Microsoft Draft Looks to Make Containers Easier
Microsoft wants to make it easier for developers to deploy applications in containers, especially within Kubernetes environments. To achieve this, it has released a new open source tool dubbed Draft to streamline this process.
The Draft tool for Azure was developed by the team at Deis, which Microsoft acquired in April for an undisclosed sum. In keeping with its mission, Deis develops container and open source tools for developers creating cloud-based applications. (See Artificial Intelligence Expert Weighs In for WiC.)
What makes Draft an interesting tool for developers is that it does not require any special knowledge of containers, Docker or Kubernetes. Specifically, Draft works in the "inner loop" of the workflow -- the space where developers write the code and iterate. However, at this stage, the developer has not committed changes to the version control.

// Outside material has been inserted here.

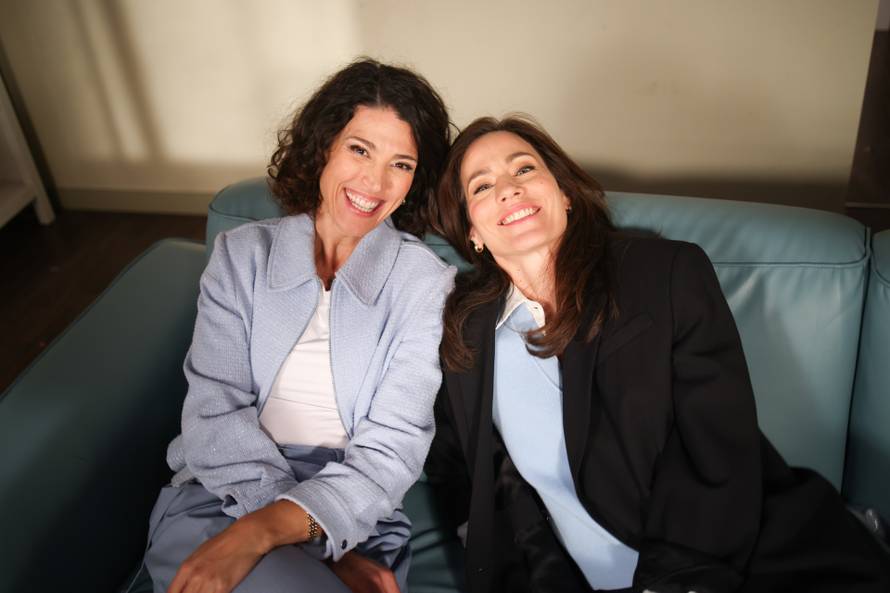 Zavirite na set 'Sjena prošlosti': Evo kad se omiljena serija vraća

In a May 31 blog post, Gabe Monroy, the project manager for Container at Microsoft Azure, explains what happens next:
"When developers run 'draft create' the tool detects the application language and writes out a simple Dockerfile and a Kubernetes Helm chart into the source tree. Language detection uses configurable Draft 'packs' that can support any language, framework, or runtime environment."

Draft will support several different programming languages, including Node.js, Go, Java, Python, PHP and Ruby. Developers can also customize Draft to streamline the development of apps and service that can run on Kubernetes.
Finally, by using a different command -- "draft up" for example -- a developer can work on his or her app locally, and Draft will then send the code to a Kubernetes development cluster. "This ships source code to any Kubernetes cluster (running either locally or in the cloud), builds it in that cluster using the Dockerfile, and deploys it into a dev environment using the Helm Chart," Monroy wrote.
This allows developers to test the app live and then make changes that can take hold in a few seconds.
Draft is available as of today and can be found on GitHub.